#### The data
-.-.-

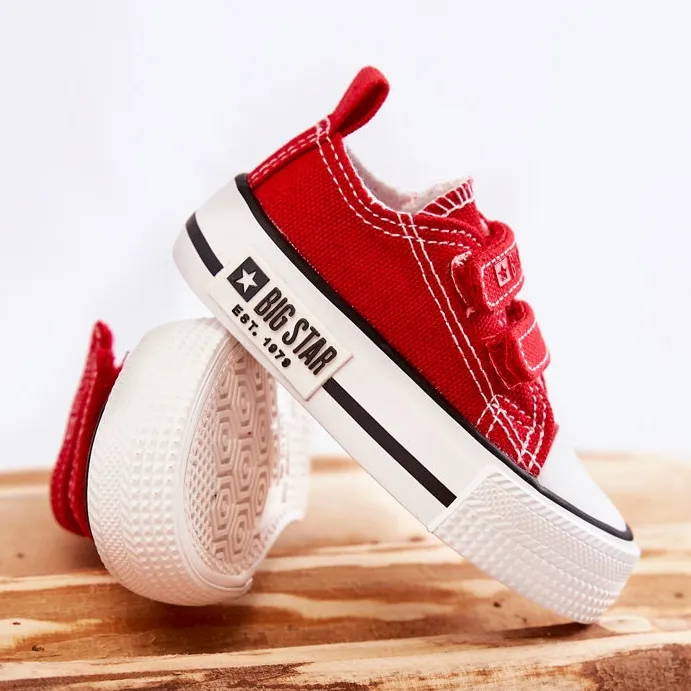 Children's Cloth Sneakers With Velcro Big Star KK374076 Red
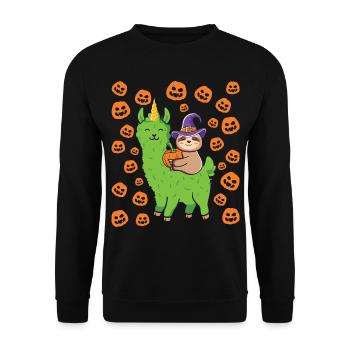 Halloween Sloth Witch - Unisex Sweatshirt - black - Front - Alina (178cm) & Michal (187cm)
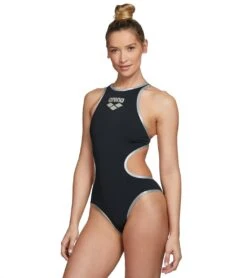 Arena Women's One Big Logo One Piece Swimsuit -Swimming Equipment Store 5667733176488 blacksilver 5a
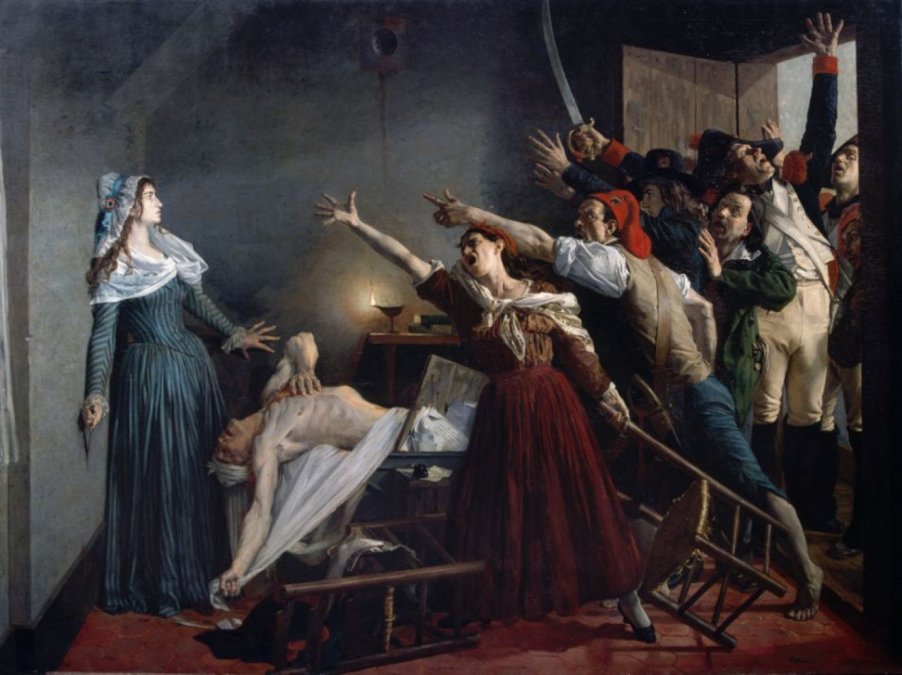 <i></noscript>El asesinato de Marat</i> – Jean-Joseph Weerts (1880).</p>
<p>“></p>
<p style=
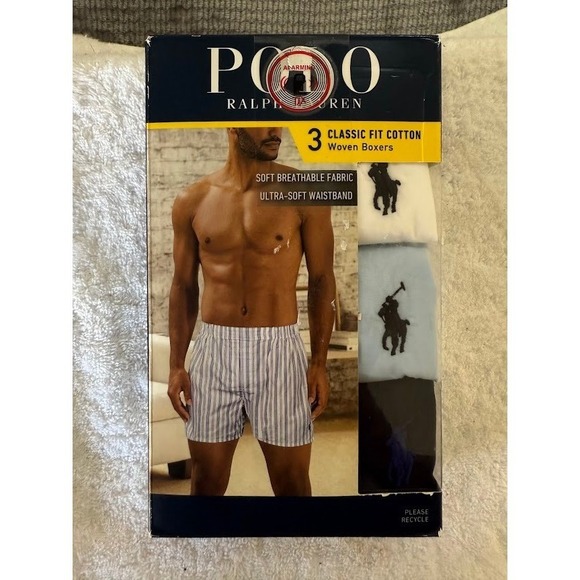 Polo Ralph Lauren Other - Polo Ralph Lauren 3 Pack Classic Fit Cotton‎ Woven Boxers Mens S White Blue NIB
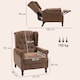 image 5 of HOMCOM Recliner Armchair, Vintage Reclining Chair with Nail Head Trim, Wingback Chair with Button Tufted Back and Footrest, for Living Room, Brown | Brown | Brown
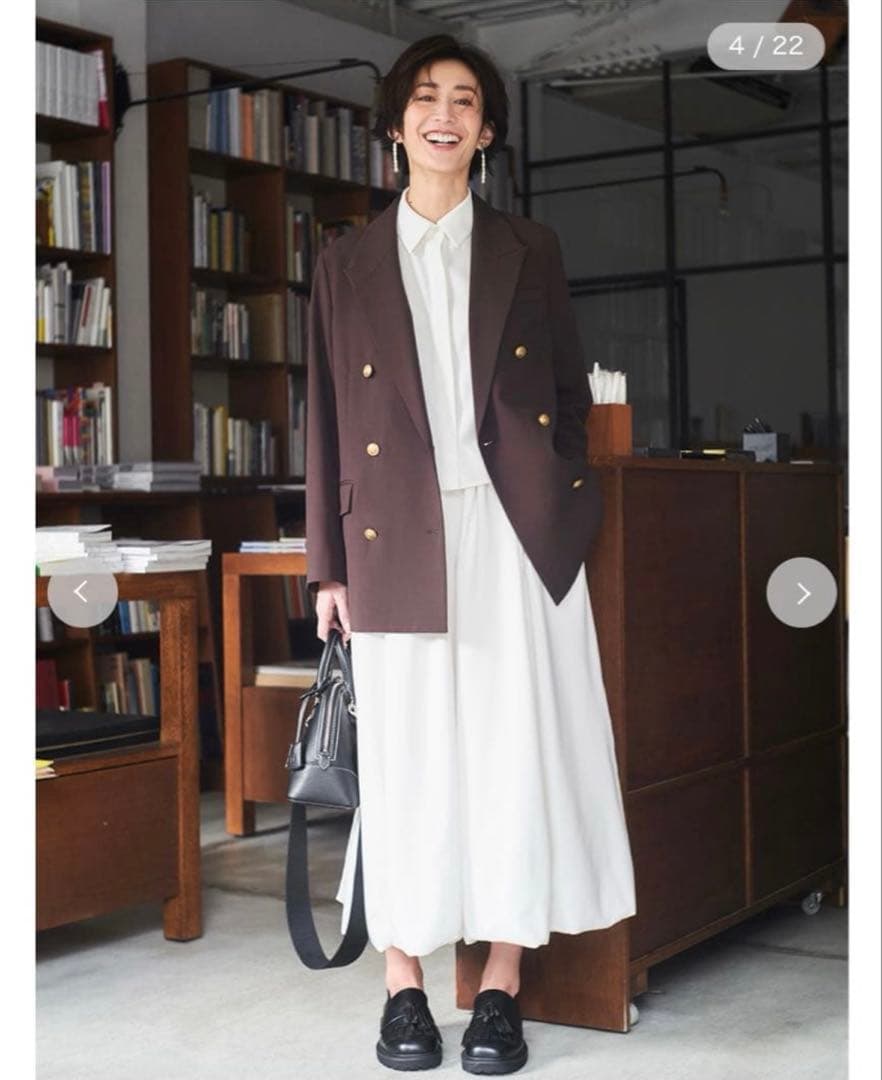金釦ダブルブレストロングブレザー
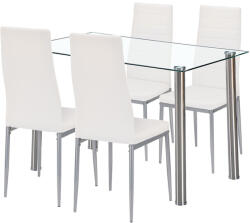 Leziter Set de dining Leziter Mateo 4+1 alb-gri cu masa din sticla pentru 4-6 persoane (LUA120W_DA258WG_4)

-.-.-

#### Description of the task
Could you repeat word for word only the lines from the one that contains "image 5 of HOMCOM" through the end of the listing, leaving out the pictures?

#### Response
 image 5 of HOMCOM Recliner Armchair, Vintage Reclining Chair with Nail Head Trim, Wingback Chair with Button Tufted Back and Footrest, for Living Room, Brown | Brown | Brown
金釦ダブルブレストロングブレザー
 Leziter Set de dining Leziter Mateo 4+1 alb-gri cu masa din sticla pentru 4-6 persoane (LUA120W_DA258WG_4)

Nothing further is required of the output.